Last month, we ended up with Figure 1 (and to save space in this email, I’ve shown just the three most recent months):

But we’ve a problem: column headings run continuously into each other. The word Customers is closer to the word Fights (to which it doesn’t relate) than it is to Drunken Acts (to which it does relate). Which sends wrong signals to readers.

We need gaps between columns – so see Figure 2 (and below, you see why there are red letters along the bottom row).

The gaps help. Words no longer confusingly run into each other. Readers more quickly grasp structure and acclimatise to the table.

But… the units of measurement are a bit ragged. A bit inconsistent. That’s because they are inconsistent. In columns A to C, units of measurement are left-aligned, but in D and E, they’re centred - and in F and G, they’re right-aligned. I did this so we could see which works best… and the answer is (cue drum roll): none of them do.

Left-aligned is, well, too far to the left (A to C). Centre-aligned half works – it’s not bad for column D, but doesn’t work for column E; Customers is a long-ish word, so Nos sits too far to the left of the numbers it sits atop. And right-aligned doesn’t work, the ‘s’ of Nos pokes out slightly to the right (F and G).

So study Figure 3 (and to save space, I don’t show the ‘Target’ row at the bottom).

Now, units are measurement are right-aligned… but sometimes with spaces added afterwards (e.g. Nos <space><space>). The units sit where I want them to sit, not where Excel’s defaults put them. I did that by occasionally adding spaces. Sometimes one space. Sometimes two. Or even three. Whatever works best. It’s pure trial and error.

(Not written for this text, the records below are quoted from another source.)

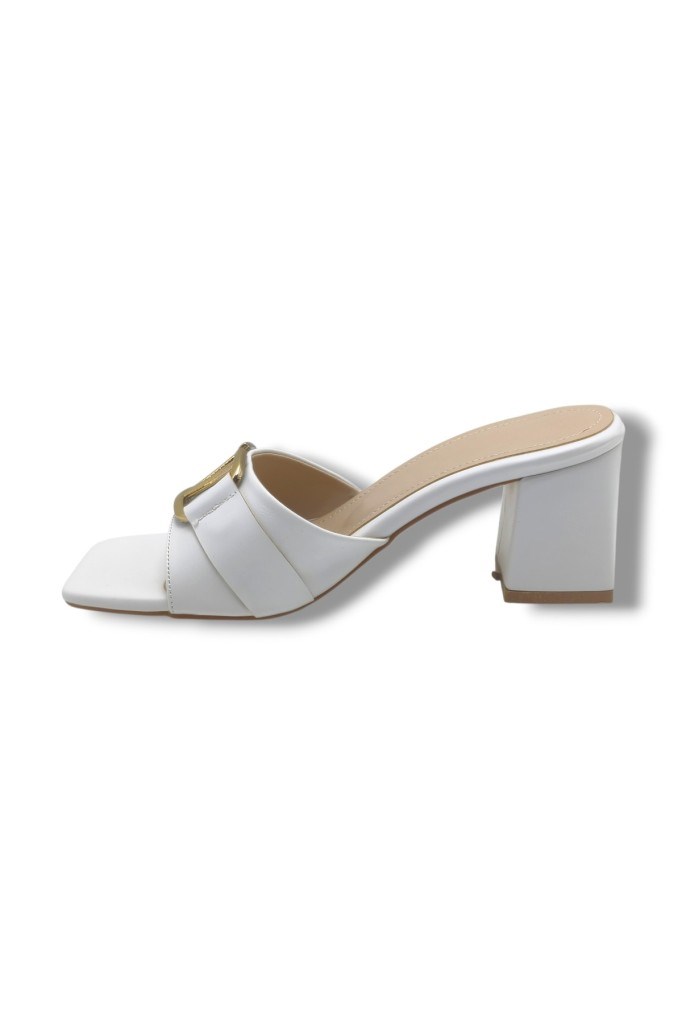 Ceylan Shoes 225-26 Cilt V Tokalı Kalın Topuk Kadın Terlik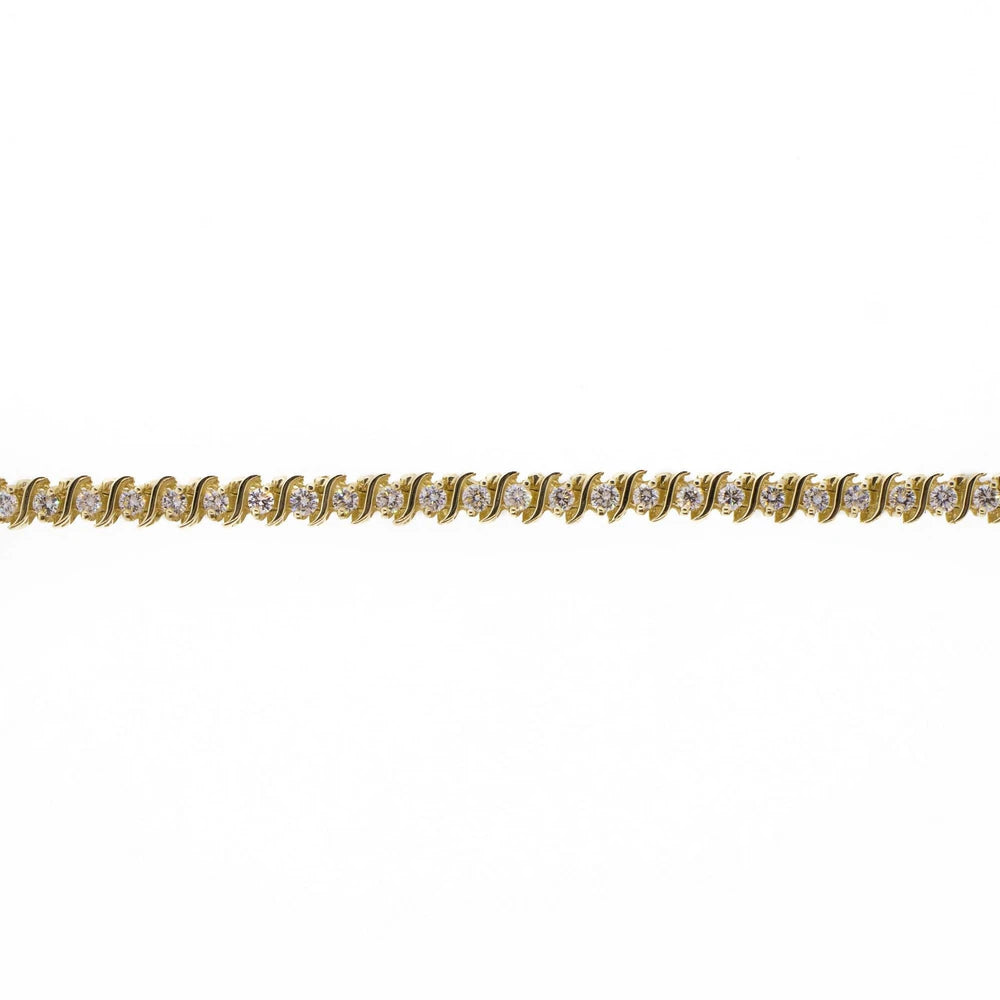 Yellow Gold and Natural Diamond Tennis Line Bracelet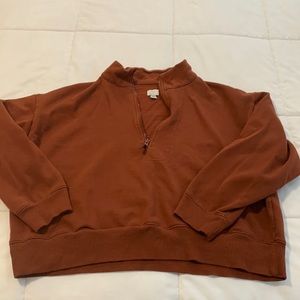 Oversized cropped half zip- so cute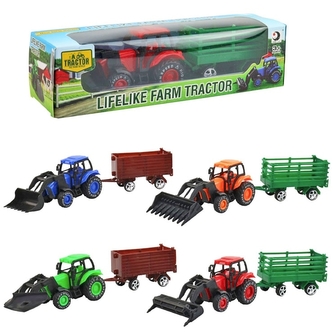 Traktor s nástrojem  a vlečkou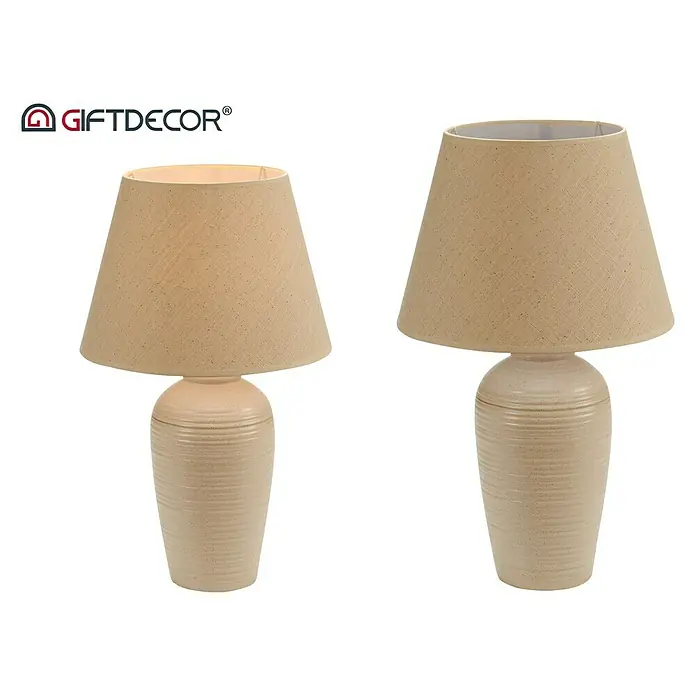 Lámpara de sobremesa Ondas - 40 W, L x An x Al: 33,5 x 33,5 x 51 cm, Beige, E14 - Vista frontal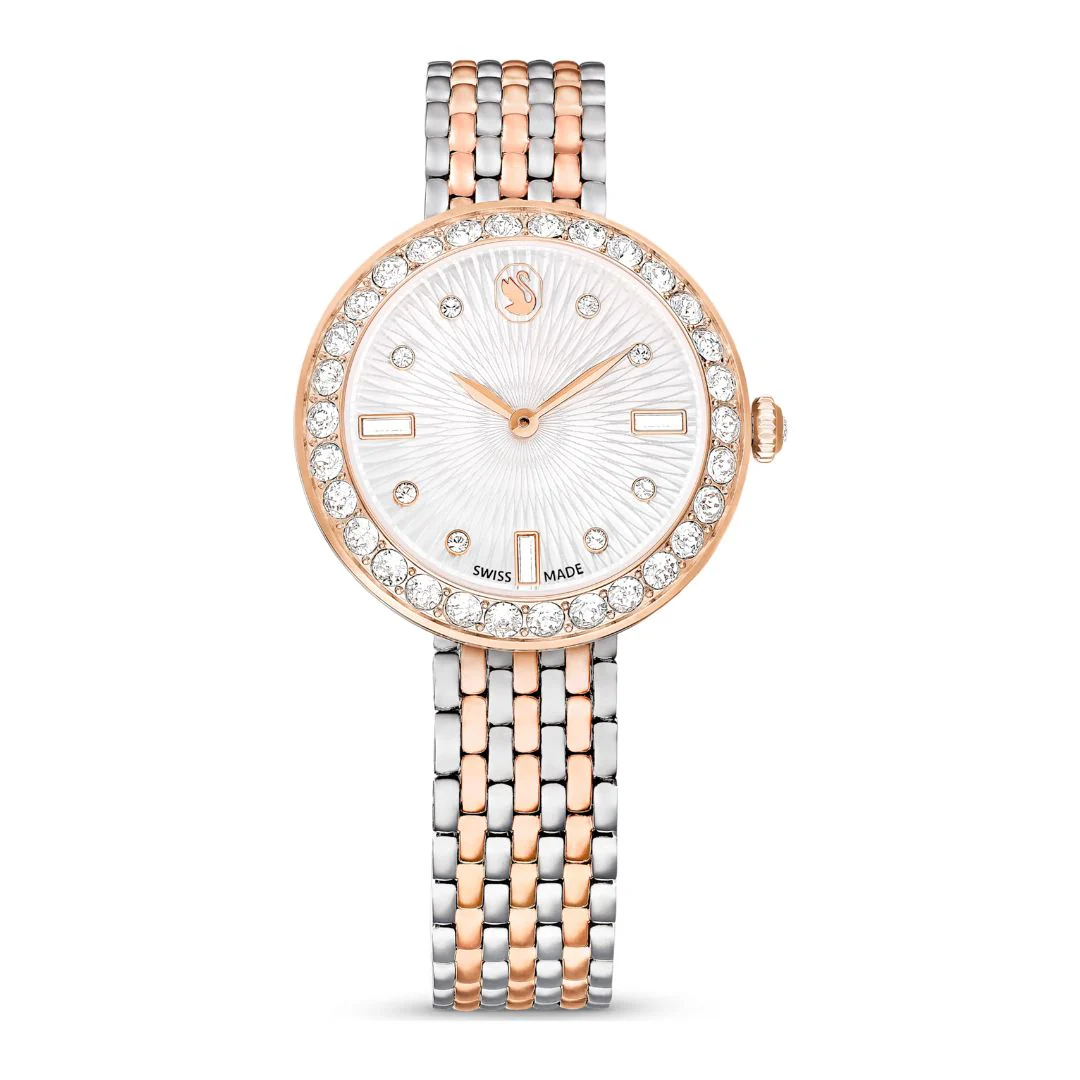 Swarovski Matrix tennis 7-link rannekello, ruusukullanväri, hopeanväri ja kirkkaat kristallit, 5672971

I also did one other small tweak. I reformatted the Customers numbers. They’re still right-aligned (which is good, it helps us do mental arithmetic), but they’re shunted a bit more into the centre of the cell. Study the ‘1’ of the number '10' in that column – previously it lined up with the ‘e’ of Customers, but now lines up with the ‘o’ of Customers. Which looks better - scan the table's columns from left to right... columns of numbers are now a bit more evenly spaced.

We’re getting there, but there’s one last run round the block. That’s for next month. Time for the fun stuff - and again it’s on the Fifty Ways pastiche we saw last month. Do quickly read it because in two months, I show how to use the theme to help prevent bad graphs. There’s also an absurd punchline to them. Stay tuned.

Fifty Ways To Avoid Tables: got numbers to convey, but fear that readers hate tables? Fear not, there must be fifty ways to avoid tables (with thanks to Paul Simon's 1975 song) – previous emails showed eight ways; here’s four more (c'mon everybody, sing along):

“Shock with weird Constructs, Chuck. Draw a rainbow, Joe (Fig 4). Confuse with Unordered Icons in a Box, Knox (Fig 5). Do a Circular Trapezoid, Floyd (Fig 6), Don’t avoid a pyramid, Sid (Fig 7).... and set yourself free.”

‘Til next month.

Jon

P.S. Is this dashboard-redo getting a bit obsessive? No. As I've said before, with dashboards the devil is in the detail. Also, most dashboards are bad. Make yours great, and you’ll shine. A great dashboard is the gift that keeps giving.